Specifically, what equation do they use to factor my minimum loan payments? This way, I don't have to keep going back to this website calculator; I can do it myself.

 

So you are taking on a loan, do you plan to calculate exactly enough to only pay off the interest or do you want to reduce the loan by paying off the principle over a certain number of years?

 

Also, so I can make my answer sound more relevant to you, please provide some ballpark figures (loan amound, annual interest + compounding period, time to repay if relevant and time between installments) so I can make my answer relevant to you instead of providing complicated algebra with terms you might not even need.

Share this post


Link to post
Share on other sites

The thing is, assuming compound interest, the total amount that you're going to pay back depends on how long your going to spend paying it back.

 

As an example -ish. For a loan of [imath]M[/imath] units, at an annual rate of [imath]r[/imath], paid back over [imath]N[/imath] years. Your looking at annual payments of about:

 

[math]\frac{(1+r)^N M r}{(1+r)^N -1}[/math]

 

But that carries a lot of assumptions with it - it all really depends on the banks terms.

Share this post


Link to post
Share on other sites
Also, so I can make my answer sound more relevant to you, please provide some ballpark figures (loan amound, annual interest + compounding period, time to repay if relevant and time between installments) so I can make my answer relevant to you instead of providing complicated algebra with terms you might not even need.

 

Well, I don't know exactly how much I'm going to be taking out, because factoring in the loan payments will alter my start up costs.

 

Let's just say I take out a loan, and have a principal and origination fee totaling P dollars (the amount I'll be in debt immediately after putting pen to paper). The interest rate is R, and it compounds F times per annum. I want to pay off the principal and interest, to the point where I am entirely free and clear, in Y years, making M payments per year (I say M because I'll probably be making monthly payments).

 

Are there any other variables you need to know? Thank you.

Share this post


Link to post
Share on other sites

Ok, I will assume that when the bank does its compounding, it will use the largest $ value that was in debt during that period for its interest calculation, that is how most banks work.

 

Given your parameters,

 

P = Principal

R = Annual interest rate (eg. 10% = 0.1)

F = Compounding periods per year

Y = Years until debt is cleared

M = M payments per year

 

Find the effective interest per compounding period:

 

[math]i = \frac{R}{F}[/math]

 

Then your regular installment will be:

 

[math]X = \frac{P.i}{1-(1+i)^{-Y.F}} \times \frac{M}{F}[/math]

 

This can easily be rearranged to make the Principal be the subject of the equation if you want to work out how much you should borrow given a certain installment.

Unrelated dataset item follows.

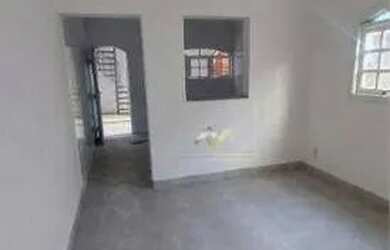 Imagem: A casa possui 4 Dormitórios, 3 Banheiros, 2 Vagas na garagem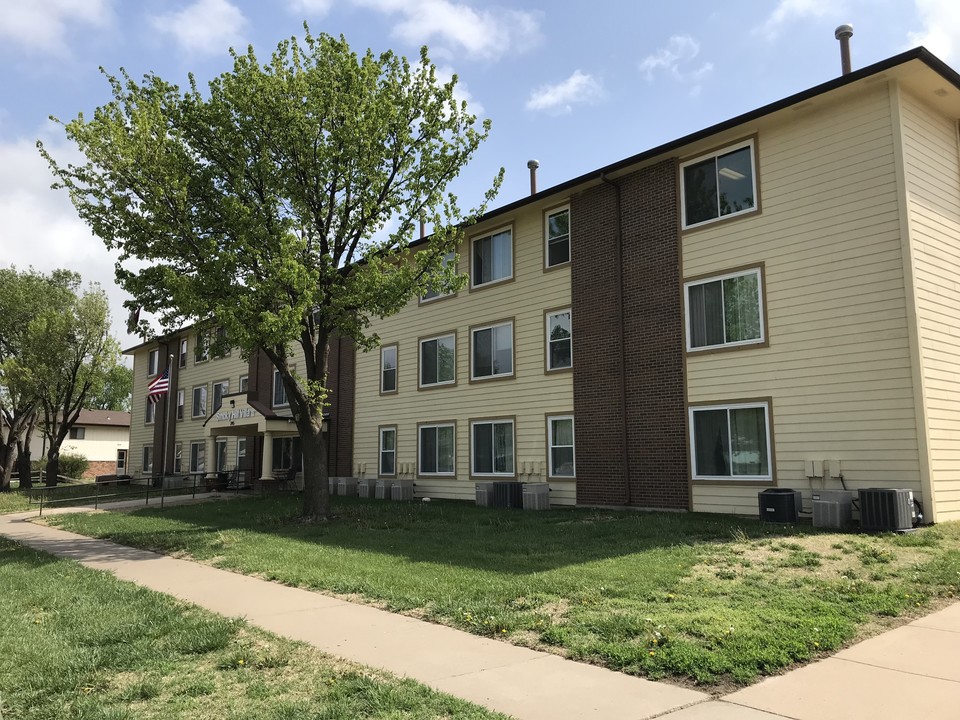 Smoky Hill Villa in Salina, KS - Building Photo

You can easily test the validity of your result with a scientific calculator:

 

1. Enter the principal and press "="

2. Enter the following with the variables replaced with your values: "Ans*i - X*(F/M)"

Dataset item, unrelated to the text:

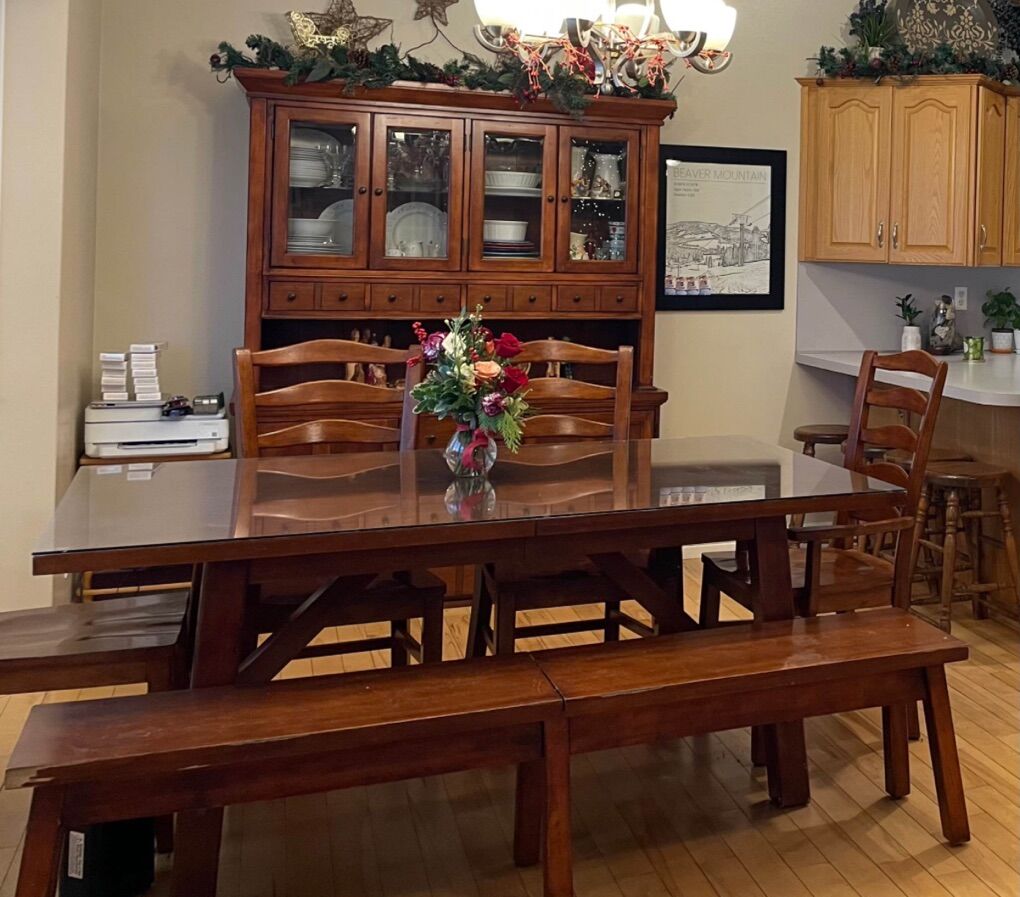 Dinning Room Table, 4 Chairs, 1 Bench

3. Continually press "=" the number of times that you will make installments, i.e. M*Y times

4. Your calculator should now show 0 (might be slightly off due to rounding errors)

 

If the timescale for paying off this debt is very long, such as a decade or more, then you may consider recalcuating your installments to increase each year in line with inflation, this will allow you to make smaller installments for the early years.

Edited by BigMoosie

Share this post


Link to post
Share on other sites

So is X the amount of my payment?

 

Also, what's with the Y.F? Do you mean "Y multiplied by F?"

Edited by dstebbins

Share this post


Link to post
Share on other sites

Yes, X is the amount of the payment.

 

Yes, Y.F means "Y multiplied" by F.

 

There's one extra thing, I assumed that your installments are more frequent or equal to the compounding rate, if it compounds more frequently than you plan to install (such as daily compounding) then you will need to make an adjustment:

 

Let:

 

[math]i = (1+\frac{R}{F})^\frac{F}{M}-1[/math]

 

and drop the [math]\times \frac{M}{F}[/math] term in the calculation of X.

 

Note: I made an error in my previous post which I just corrected.

Share this post


Link to post
Share on other sites

Okay, new problem.

 

The whole reason I wanted this formula in the first place was because I'm writing a spreadsheet (open office calc) for my budget. I wanted to put the formula for the loan in a seperate sheet in the book, and include the payments in my recurring costs (as opposed to permanent costs). The total recurring costs (including other equipment and stuff) for a whole quarter of a year, combined with the permanent costs, would give me my start-up costs, which would be the principal of the loan I take out.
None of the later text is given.